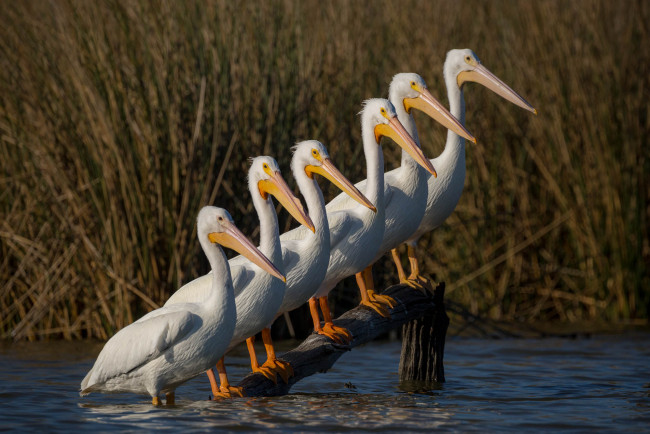 Обои картинки фото животные, пеликаны, птицы, группа, бревно, озеро
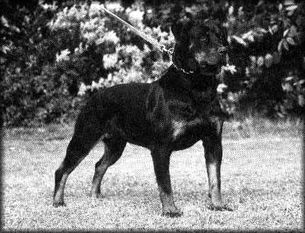 Jara von Barrenstein Jara von Barrenstein
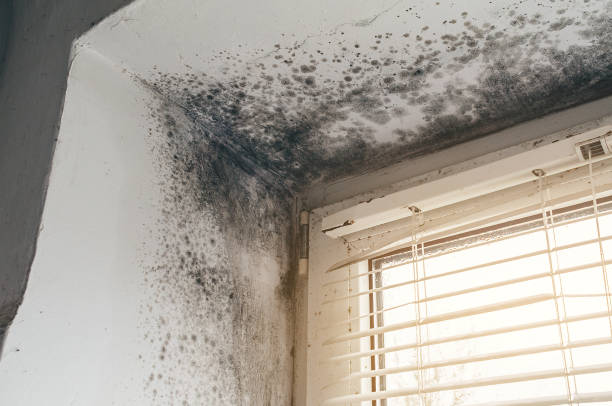Affordable Commercial Mold Remediation solutions in Flintstone, MD
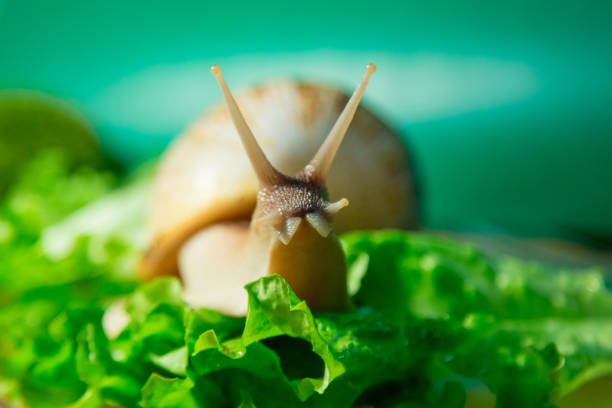 istock Home snail Achatina on green salad 695946946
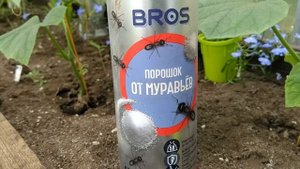 Чем подкормить томаты, перцы и огурчики для получения обильного урожая. Спасаемся от муравьёв!
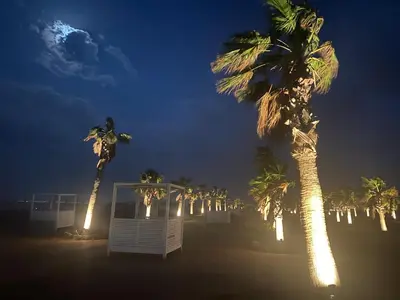 a group of palm trees at night with lights at Mangroovy retreat in Hurghada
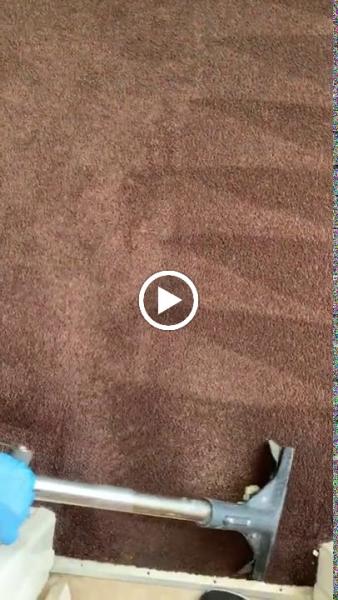 Carpetzoom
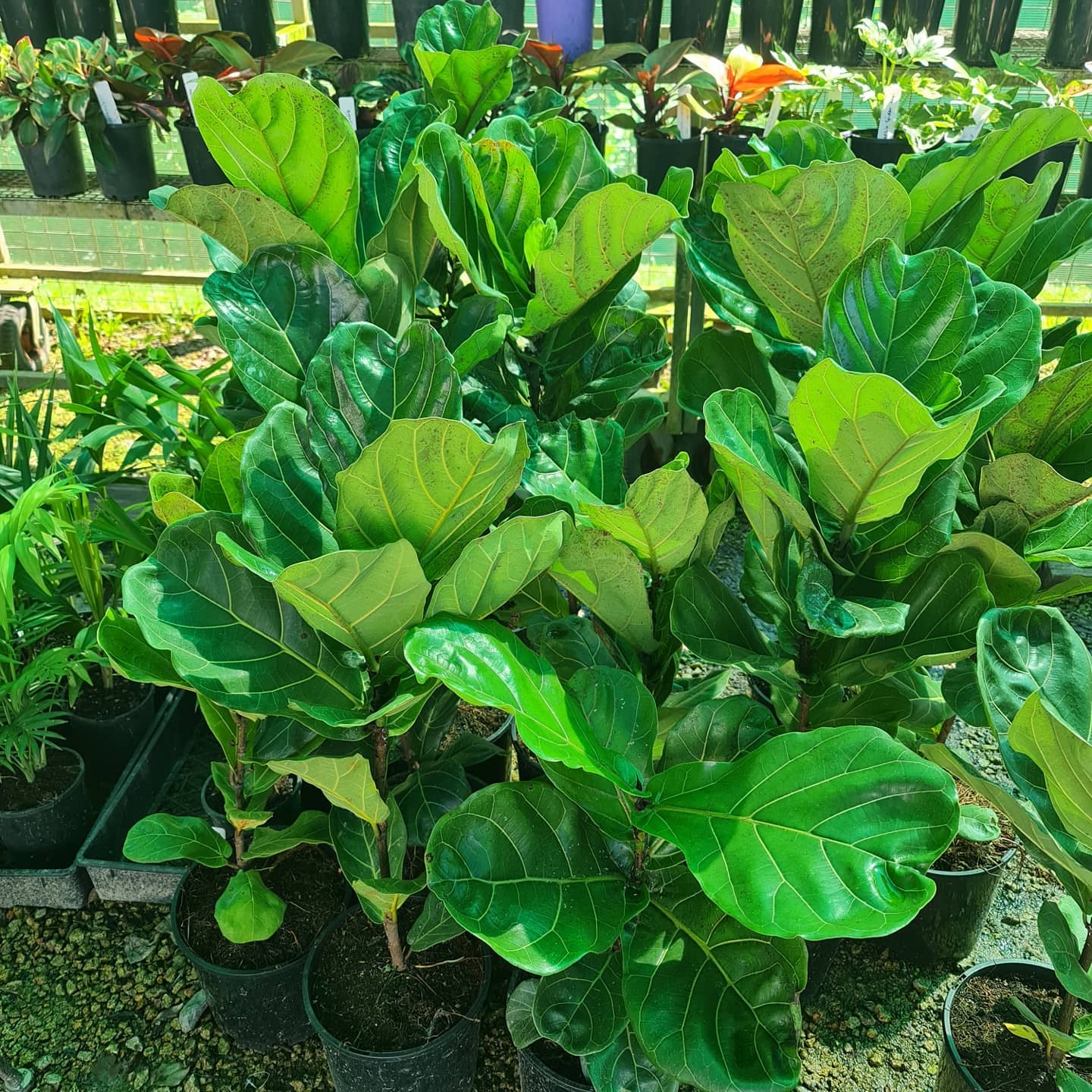 plants for sale bonville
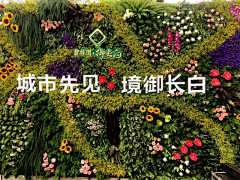 linxiaoting采集到植物场景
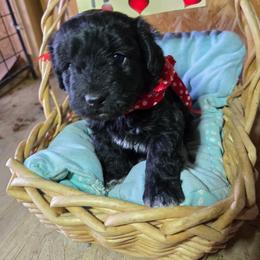 Boy 2 - Black and tan male Corgipoo puppy in Junction, Utah from Sugar Doodles
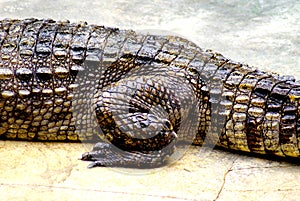 Close up leg and details on body skin of crocodile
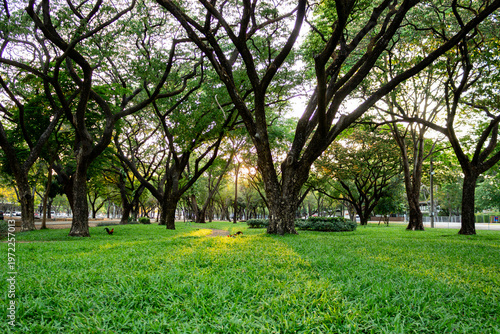 Sunset in a park during summer, with a grassy area; a wide-angle view. There is space for text.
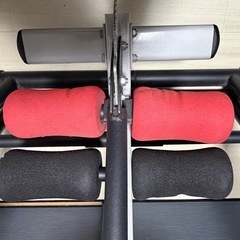 逆さぶら下がり健康器　BODY RAJAの画像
────────
Apart from the pictures, restate all of the listing above exactly.

= Solution =
 Обои картинки фото животные, пеликаны, птицы, группа, бревно, озеро
 Jara von Barrenstein Jara von Barrenstein
Affordable Commercial Mold Remediation solutions in Flintstone, MD
 istock Home snail Achatina on green salad 695946946
 Чем подкормить томаты, перцы и огурчики для получения обильного урожая. Спасаемся от муравьёв!
 a group of palm trees at night with lights at Mangroovy retreat in Hurghada
 Carpetzoom
 plants for sale bonville
 linxiaoting采集到植物场景
 Boy 2 - Black and tan male Corgipoo puppy in Junction, Utah from Sugar Doodles
 Close up leg and details on body skin of crocodile
 Sunset in a park during summer, with a grassy area; a wide-angle view. There is space for text.
 逆さぶら下がり健康器　BODY RAJAの画像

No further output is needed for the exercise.